Also I'm gonna write another blog post about Spotify! Coming soon.

That's all for the great music of 2018! Thank you for adding colours to my life and as always,

for keeping me sane.

Monday 24 December 2018

Of Wedding and Weekend

Congratulations Mel and Andry!
Unofficial photo taken with my phone haha

Hello! I just got back from Mel's Wedding reception yesterday! I only had like 1.5 hours of sleep before that so I got knocked out right away in the car. Then I had lots of work to do after I reached home so I couldn't blog about it. But anyway here I am! Anyway I just want to firstly congratulate the new couple on your wedding! May you both love each other more everyday and form a warm loving family <3

Anyway I left for Bandung at 7 AM on Sunday. Even though the reception only begins at 7 PM, I was told that the traffic to Bandung was really bad the day before on Saturday. So my cousin recommended me to leave earlier (was planning to leave on like 8-9 AM ish). Well yup there was a bit of jam here and there. Only reached Bandung at 1230 PM! That's like 5.5 hours whew.

My go to vegan place in Bandung!
Weird name I know but well veganism is very spiritual heh

Helped my brother to check in the hotel first and thankfully my sister (who booked the hotel) got the green light for early check in and yay we got 2 rooms before check in time mwahaha. One of the room was used for makeup first so some of the ladies decided to do their makeup first as my aunts have to attend the tea-ceremony at 2 PM. I went to get lunch first before heading back to my brother's hotel room to doze off for a good 2 hours! Went to see the tea ceremony after that.
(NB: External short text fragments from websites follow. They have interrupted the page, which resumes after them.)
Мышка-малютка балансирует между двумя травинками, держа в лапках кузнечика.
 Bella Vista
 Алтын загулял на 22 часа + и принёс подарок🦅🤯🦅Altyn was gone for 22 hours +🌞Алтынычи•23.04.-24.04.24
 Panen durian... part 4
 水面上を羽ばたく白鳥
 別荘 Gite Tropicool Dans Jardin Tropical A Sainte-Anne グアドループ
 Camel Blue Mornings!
Congratulations Mel and Andry!

We went earlier into the ballroom for family photos and then the reception started! Quite touched to see my cousin walked inside on the ballroom. We grew up together during my younger days until she left for university in Bandung. Also it also means that all of my late aunt's children are now married. She must be happy over there :') congratulations to the new couple once again! Then more photo sessions followed and yup, it was just a great Sunday spent in Bandung with my family! :)

With the cousins and some of their other-halfs :P

After that I went back home, while most of my relatives spent another night in Bandung. I got knocked out right away in the car, only waking up when I was near my hometown haha.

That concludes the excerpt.